Short text fragments from websites
== Segment start ==

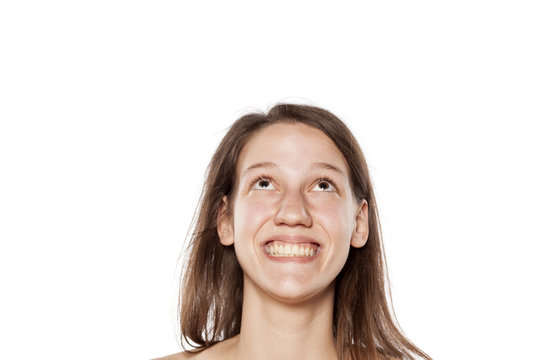 happy young woman without make-up looking up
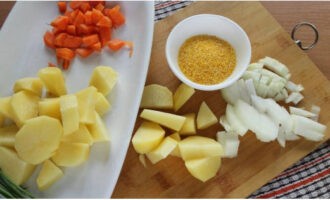 Peel the potatoes using a housekeeper and chop them coarsely. Chop the remaining carrots and onions into smaller pieces. Wash 2 tablespoons of corn grits well.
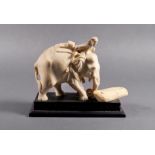 An Indian carved ivory figure of an elephant mahout, 19th century, the mahout astride the neck leans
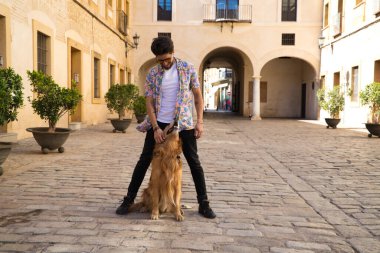 young latin man and his brown golden retriever dog, the man standing up looks at his pet who is sitting on the ground and grabs his head. Pets concept.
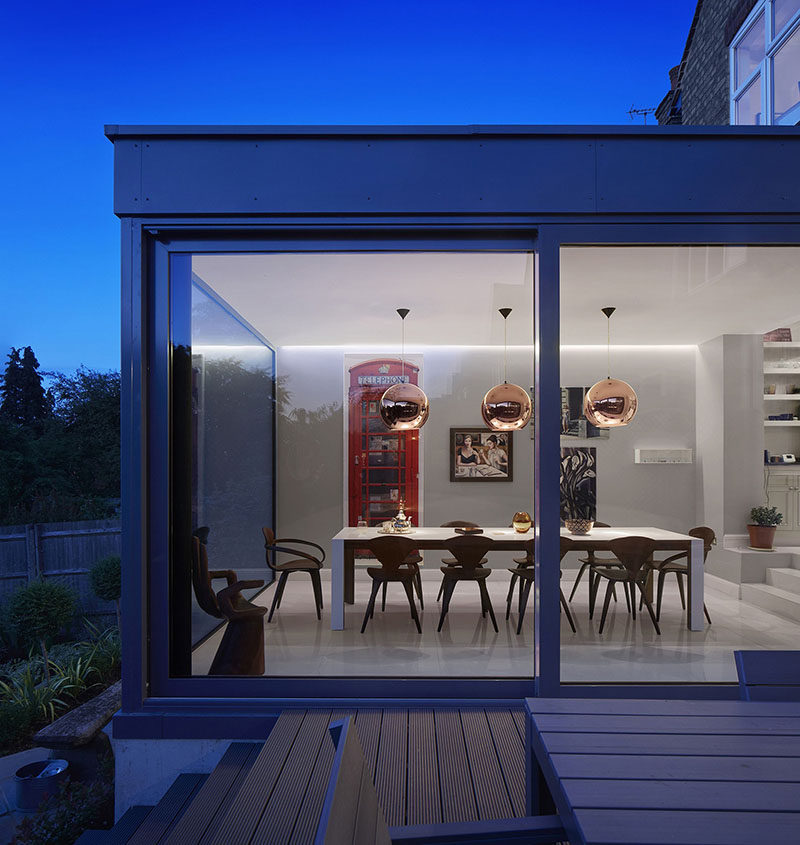 A glass enclosed extension created a dining room with views for this home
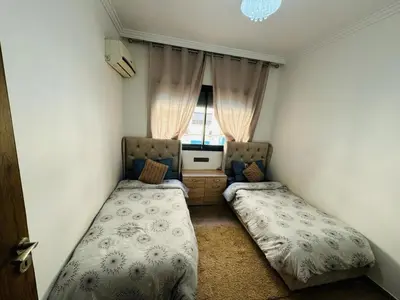 a bedroom with two beds and a window at Elegant City Apartment in Marrakech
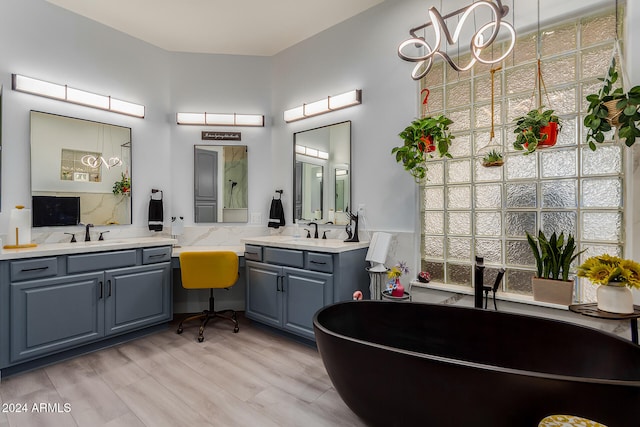 bathroom featuring a wealth of natural light, hardwood / wood-style floors, and vanity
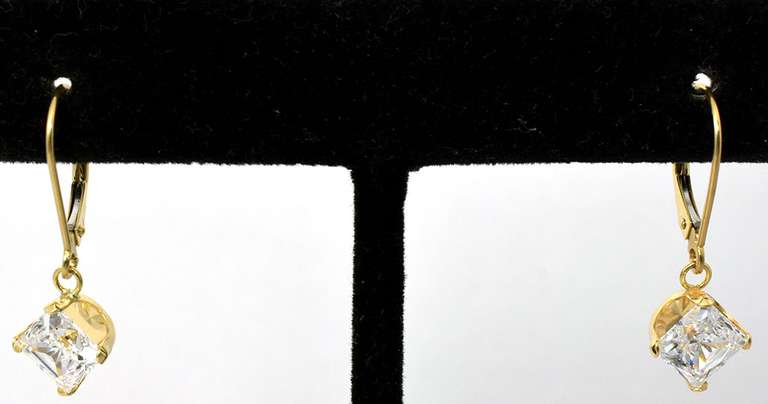 Eye-Catching CZ earrings in 14KT Yellow Gold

== Segment end ==

Aim of the task
A faithful, word-for-word copy of the records above, pictures left out, is the answer.

Result below
 happy young woman without make-up looking up
 Peel the potatoes using a housekeeper and chop them coarsely. Chop the remaining carrots and onions into smaller pieces. Wash 2 tablespoons of corn grits well.
 An Indian carved ivory figure of an elephant mahout, 19th century, the mahout astride the neck leans
 young latin man and his brown golden retriever dog, the man standing up looks at his pet who is sitting on the ground and grabs his head. Pets concept.
 A glass enclosed extension created a dining room with views for this home
 a bedroom with two beds and a window at Elegant City Apartment in Marrakech
 bathroom featuring a wealth of natural light, hardwood / wood-style floors, and vanity
 Eye-Catching CZ earrings in 14KT Yellow Gold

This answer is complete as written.